Our research has revealed that science students are interested in work-integrated learning (WIL), but we need to communicate more if we want them to actively engage. Here are three recommendations from staff who design and deliver WIL in science on how we can communicate better.
We interviewed staff who design, deliver and lead WIL in science to find out how they communicate and motivate students to engage with WIL. These WIL specialists told us that science students are ‘dead keen’ on WIL and employability and see WIL as an opportunity to gain skills and experience, differentiate themselves from other students, and test-drive different career options. But they also said that when WIL is optional, only about 10 percent of students actively engage.
For students to engage in optional WIL, they need to know about WIL opportunities, and they need to prioritise it over other things. Put another way, they need to sacrifice something else – another unit, part-time work, leisure time, the list goes on.
So what do the WIL specialists recommend?
1. Make sure students know what is out there
To increase engagement, we need to make sure students know about the different WIL opportunities available to them. The WIL specialists told us that just emailing students about opportunities is not enough – they need to hear about these opportunities from their lecturers, and from tutors and lab demonstrators, as well as from faculty WIL coordinators and Careers Services.

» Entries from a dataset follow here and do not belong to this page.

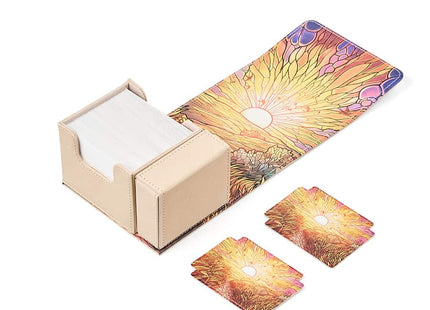 Gamers Guild AZ Arcane Fortress Arcane Fortress: Stained Glass: Radiant 100+ Golden Plains Deluxe Deck Vault (Pre-Order) GTS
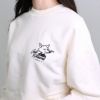 メゾンキツネ MAISON KITSUNE メンズ レディース スウェットトレーナー リラックス スウェットシャツ カフェ キツネ CKMU00301KM0330 P709 TAPIOCA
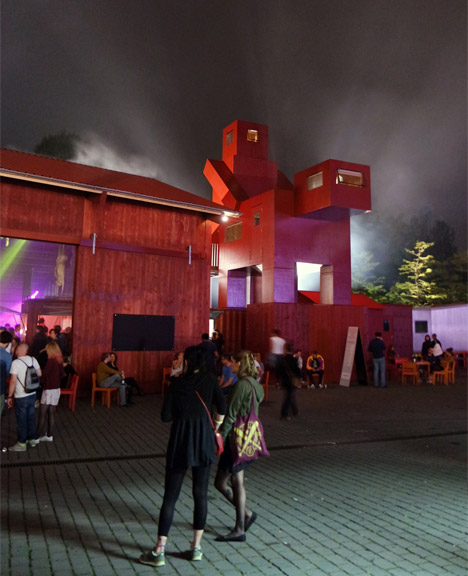 The Good, the Bad and the Ugly by Atelier Van Lieshout at the Ruhrtriennale
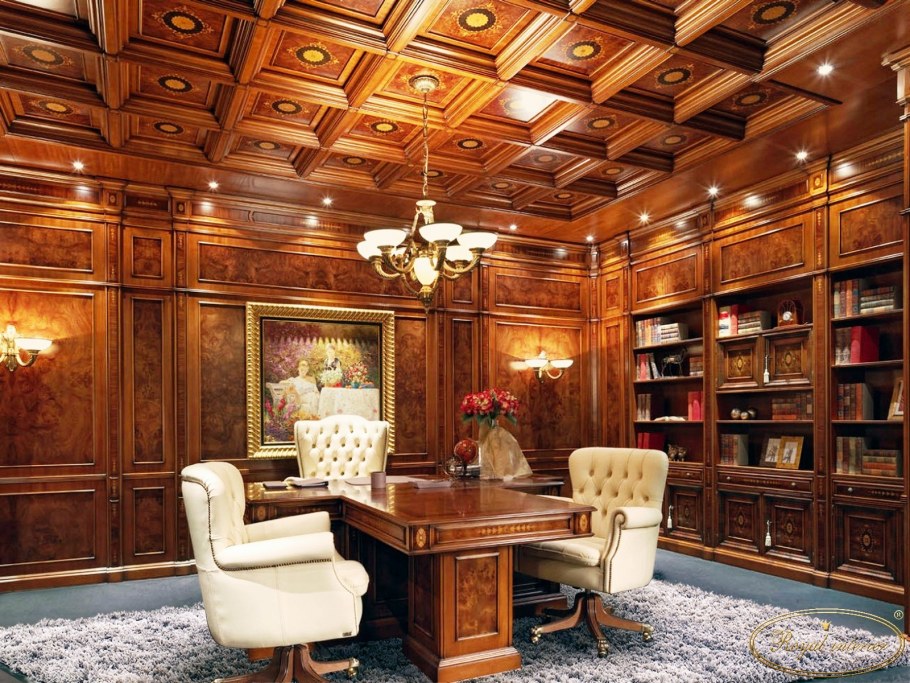Роскошный кабинет руководителя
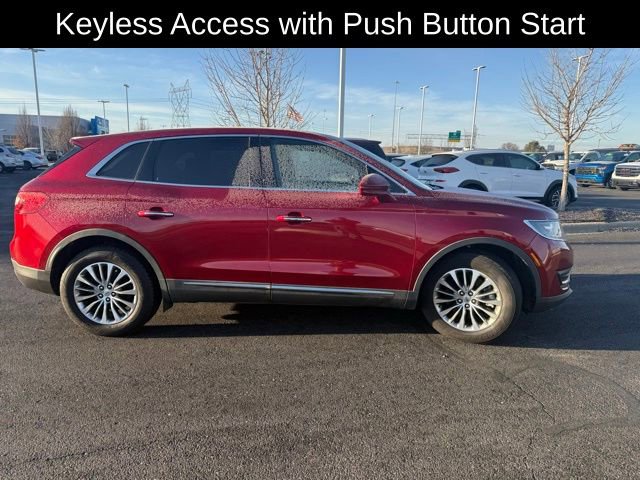 Used 2016 Lincoln MKX Select with VIN 2LMPJ8KR0GBL35726 for sale in Grove City, OH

2. Tell students why WIL matters
It’s not enough to tell students about the opportunities available, we also need to tell them why WIL is important. If we want students to choose WIL over other things, they need to see the value and relevance. We need to talk to students about what they will get out of WIL, and how it will help them.
3. Get everyone on board
According to the WIL specialists, we all need to talk to students about WIL – different students get the message in different ways, so we need to make sure it is as easy as possible for them to hear about WIL. Lecturers, tutors, employers and industry partners, and other students should all be enlisted to share the importance of WIL.